His return came less than a week ahead of the anniversary of last year’s contentious July 28 election, which his Cambodia National Rescue Party claims was rigged. Its lawmakers have boycotted their seats in the National Assembly and are demanding reforms and new elections.
While the opposition leader’s return and the upcoming anniversary add volatility to the situation, Sam Rainsy said he expected to negotiate with Prime Minister Hun Sen to resolve their differences.
Tensions over the yearlong political deadlock were ramped up this past week when seven lawmakers and another party activist were arrested after violence broke out when party members sought to stage a demonstration at a park authorities had closed to them. The lawmakers were charged with insurrection and other offenses, which could see them jailed for up to 30 years.
“I hope that there will be new talks,” Sam Rainsy told reporters upon his arrival at the airport. “I hope that there will be resolution — a solution that ends the (political) stalemate.”
Both the opposition party and Hun Sen said in April that they were close to settling the deadlock, but no deal was made at the time. While there has been no public sign of detente between the two sides, Hun Sen announced later that he would accede to one of the opposition demands, and allow them to operate a television station.
Initially on Saturday, the possibility of a fresh street confrontation loomed, as Sam Rainsy said at the airport that he would head to the area of Tuesday’s confrontation, Freedom Park. He said he wants the venue reopened as soon as possible so that people could exercise freedom of expression.
But in an evident change of plan, his motorcade — after stopping briefly outside the main government complex — went to party headquarters instead of the park, where riot police were deployed.
Hun Sen has been in power for almost three decades, and while Cambodia is formally democratic, his government is authoritarian and known for intimidating opponents. Sam Rainsy is his most enduring opponent, and his party’s strong showing in last year’s polls — even according to the disputed official results — posed the strongest challenge to Hun Sen in many years.

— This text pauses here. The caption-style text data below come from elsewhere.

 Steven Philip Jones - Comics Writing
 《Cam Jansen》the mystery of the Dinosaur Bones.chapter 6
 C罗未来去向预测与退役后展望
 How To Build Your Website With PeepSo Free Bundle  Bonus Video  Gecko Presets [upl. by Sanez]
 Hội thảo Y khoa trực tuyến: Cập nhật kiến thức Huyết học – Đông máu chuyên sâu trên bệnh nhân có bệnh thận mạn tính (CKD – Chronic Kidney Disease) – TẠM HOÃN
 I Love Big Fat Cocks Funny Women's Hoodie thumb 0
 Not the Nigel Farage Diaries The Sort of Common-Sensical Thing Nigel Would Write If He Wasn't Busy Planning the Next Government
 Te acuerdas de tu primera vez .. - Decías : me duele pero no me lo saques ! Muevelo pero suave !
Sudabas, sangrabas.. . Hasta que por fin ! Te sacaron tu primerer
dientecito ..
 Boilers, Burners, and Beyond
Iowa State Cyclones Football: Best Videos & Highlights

The latest arrests drew criticism from human rights groups and Western governments. The violence was unleashed Tuesday when local security guards used by authorities to break up protests began attacking the demonstrators, who fought back. The government claimed that at least 38 security personnel were injured.
Sam Rainsy said Saturday that he would seek his colleagues’ release.
Demonstrations in the capital were banned in January and Freedom Park sealed off after a wave of vociferous protests.
The EU and the U.S. State Department both called for the opposition officials to be released and for Cambodia to lift its ban on demonstrations.